- **Brief**: Retype, without changes, every line from the line that contains "Hajtótengely CITROEN C3" through the final line of the records. Exclude pictures.

Captioned web image data:
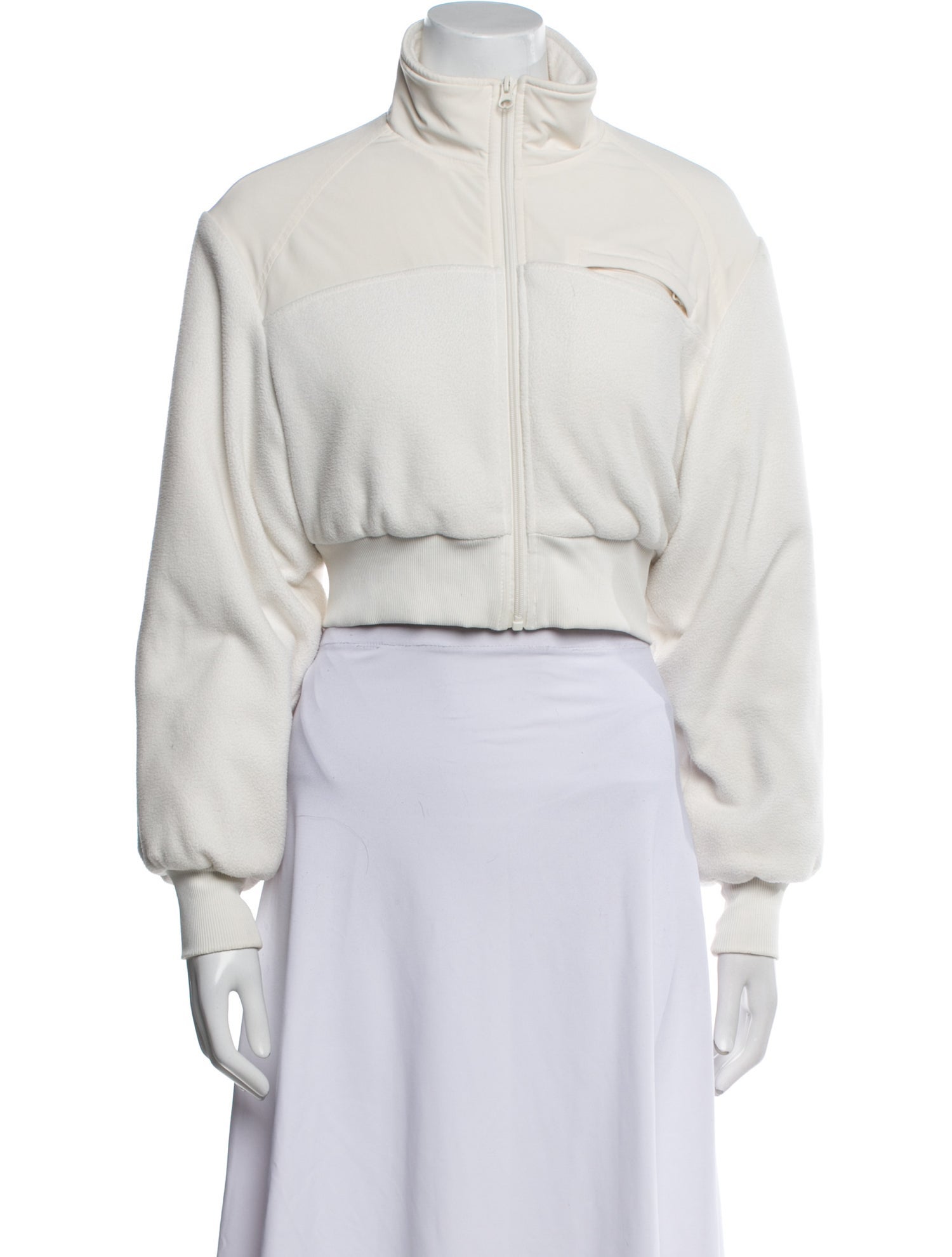 Alo Yoga Bomber Jacket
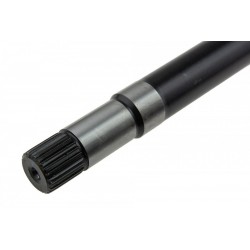 Hajtótengely CITROEN C3 II/III/C3 PICASSO 1.0VTI,1.2THP,1.4VTI,1,6VTI,1.6HDI 09- PEUGEOT 207/208/2008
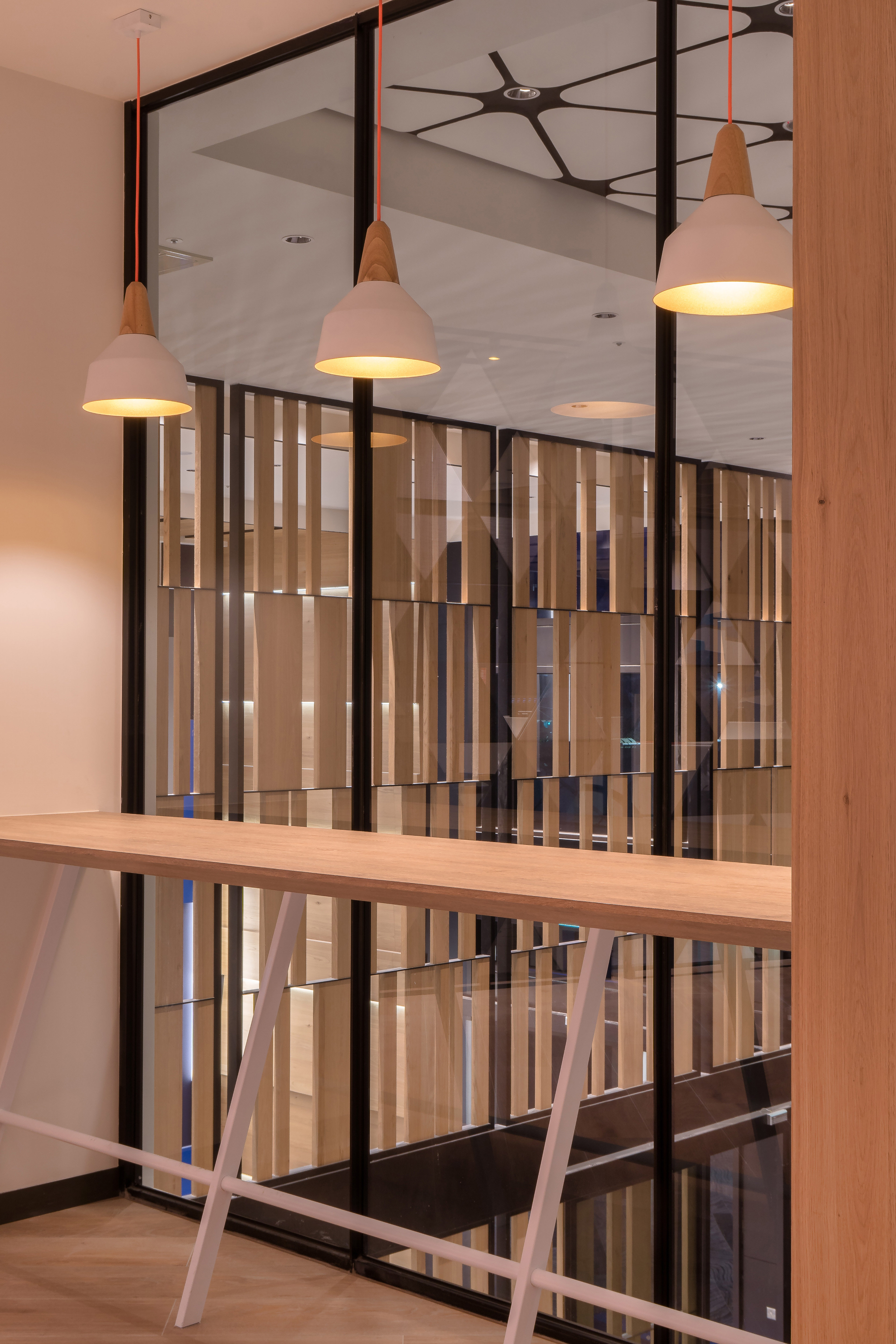 Holiday Inn Express Chiayi 21/49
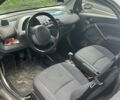 Черный Смарт Сити, объемом двигателя 0.6 л и пробегом 145 тыс. км за 2100 $, фото 5 на Automoto.ua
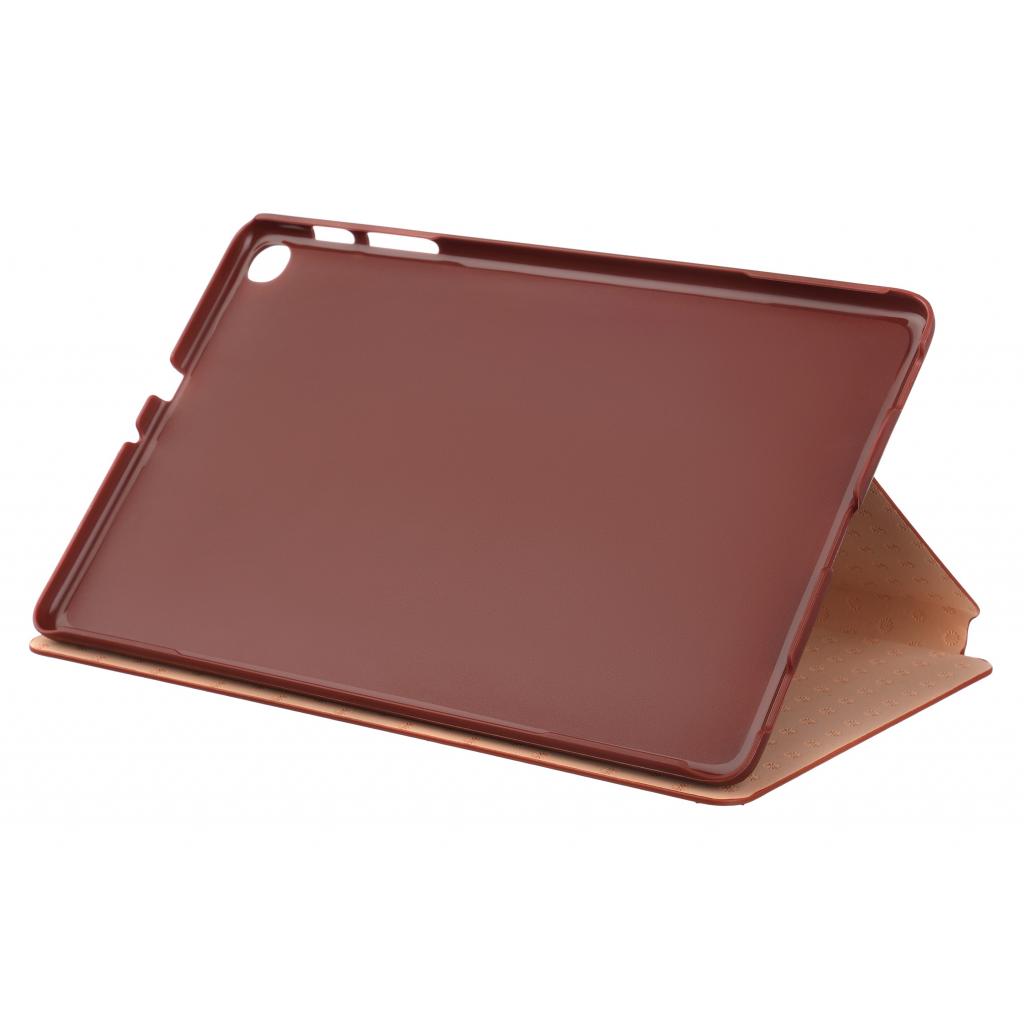 Чохол до планшета 2E Samsung Galaxy Tab A 10.1 (T510/T515) 2019, Retro, Brown (2E-G-A10.1-19-IKRT-BR) - зображення 4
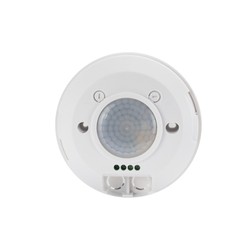 Motion sensor Sensor Pir 360Deg 1000W 6M N/T Ip20 230V Spectrum – photo 2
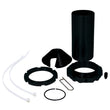 Load image into Gallery viewer, QA1 Steel CT 51 5Q Series Coil-Over Sleeve Kit 2.5in SPR 9in - Main Product View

- **Response**:
 Hajtótengely CITROEN C3 II/III/C3 PICASSO 1.0VTI,1.2THP,1.4VTI,1,6VTI,1.6HDI 09- PEUGEOT 207/208/2008
 Holiday Inn Express Chiayi 21/49
 Черный Смарт Сити, объемом двигателя 0.6 л и пробегом 145 тыс. км за 2100 $, фото 5 на Automoto.ua
 Чохол до планшета 2E Samsung Galaxy Tab A 10.1 (T510/T515) 2019, Retro, Brown (2E-G-A10.1-19-IKRT-BR) - зображення 4
 Motion sensor Sensor Pir 360Deg 1000W 6M N/T Ip20 230V Spectrum – photo 2
 Load image into Gallery viewer, QA1 Steel CT 51 5Q Series Coil-Over Sleeve Kit 2.5in SPR 9in - Main Product View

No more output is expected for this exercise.